REQUIREMENT | Write out every entry exactly as given, but omit the pictures.

(Short text fragments from websites)
--- --- ---
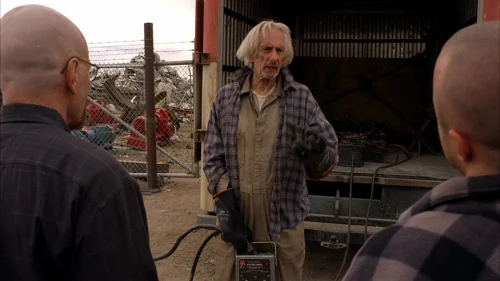 breaking_bad_frames_s5e1_frame_72.webp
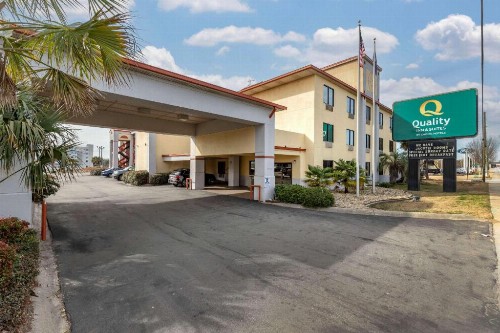 Quality Inn & Suites Ft. Jackson Maingate - image 19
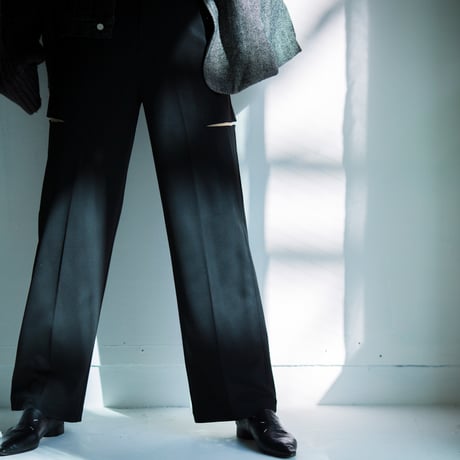 slash slit pants（black）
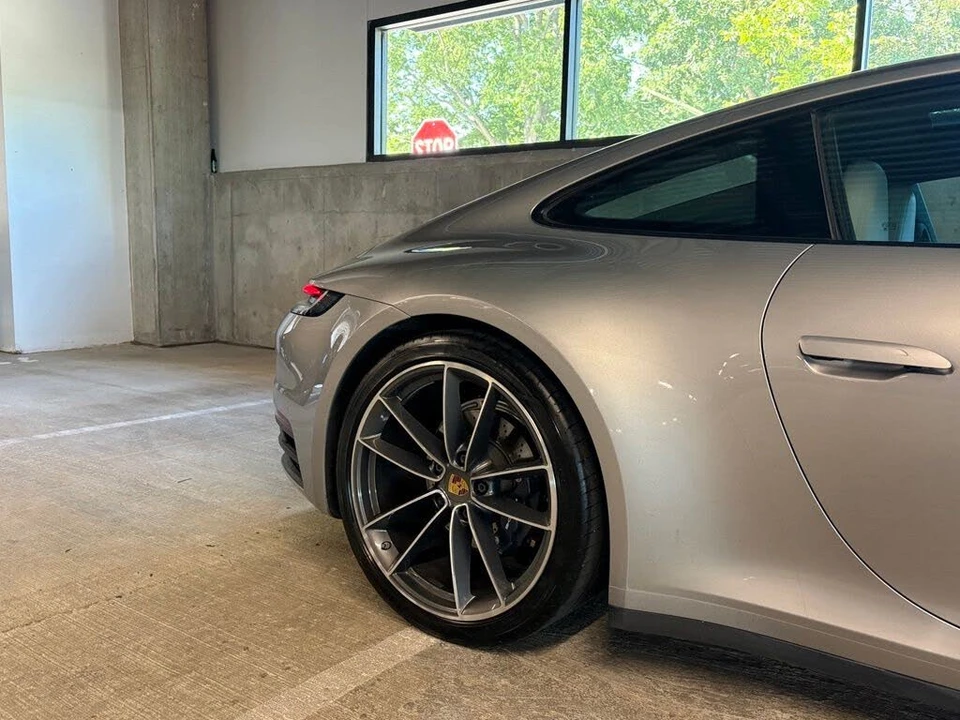 2022 Porsche 992 Carrera 4 - Image 10 of 29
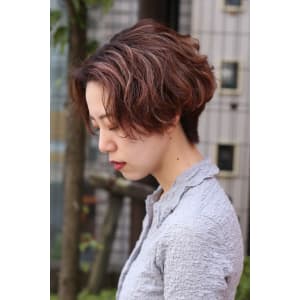 【佐々木　スタイル】ハイライト×前下がりショート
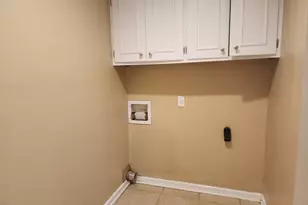 807 Country Club Rd, Georgetown, TX 78628 - Photo 12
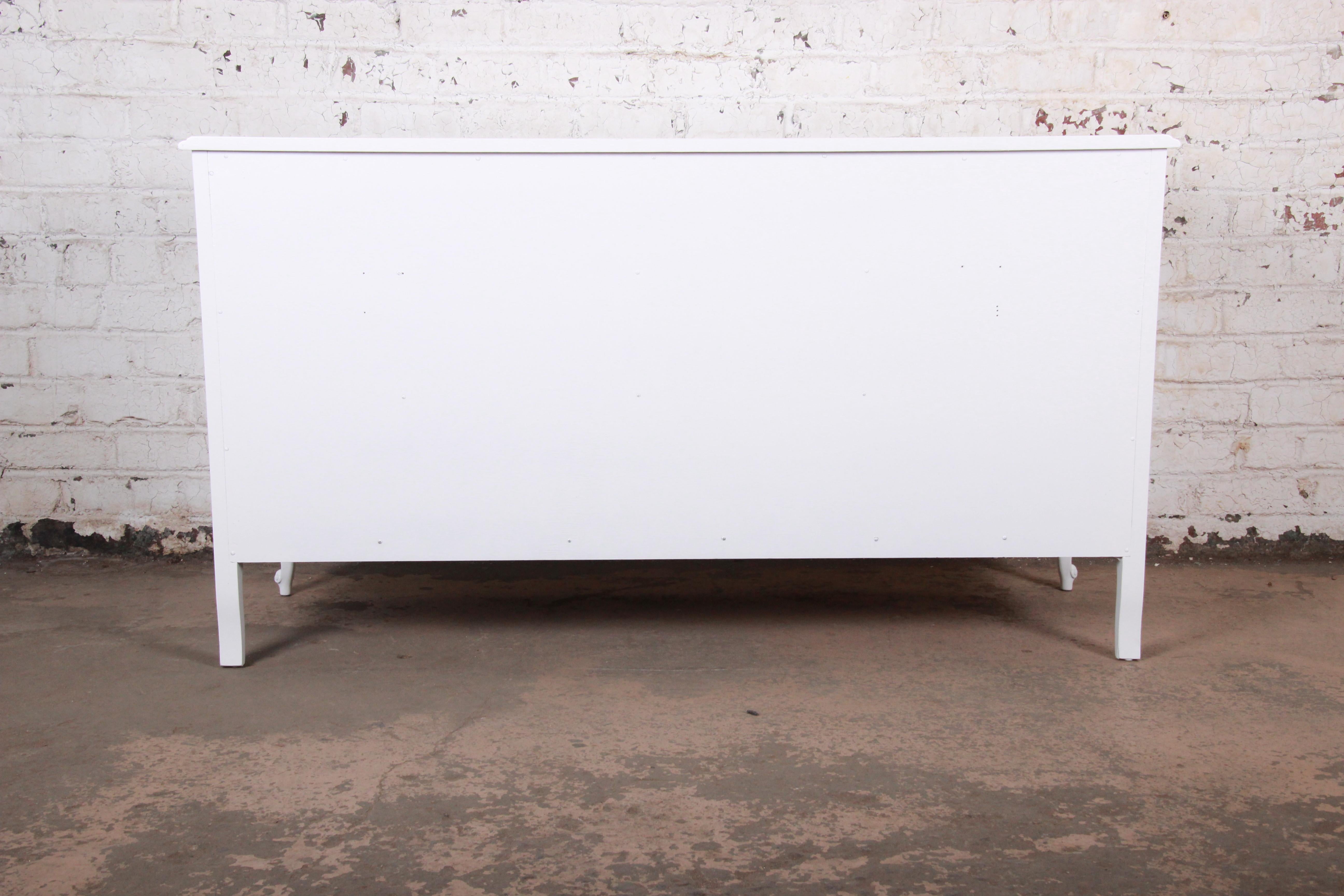 French Provincial Louis XV White Lacquered Triple Dresser by Drexel, Refinished 5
--- --- ---
REPLY |
 breaking_bad_frames_s5e1_frame_72.webp
 Quality Inn & Suites Ft. Jackson Maingate - image 19
 slash slit pants（black）
 2022 Porsche 992 Carrera 4 - Image 10 of 29
 【佐々木　スタイル】ハイライト×前下がりショート
 807 Country Club Rd, Georgetown, TX 78628 - Photo 12
 French Provincial Louis XV White Lacquered Triple Dresser by Drexel, Refinished 5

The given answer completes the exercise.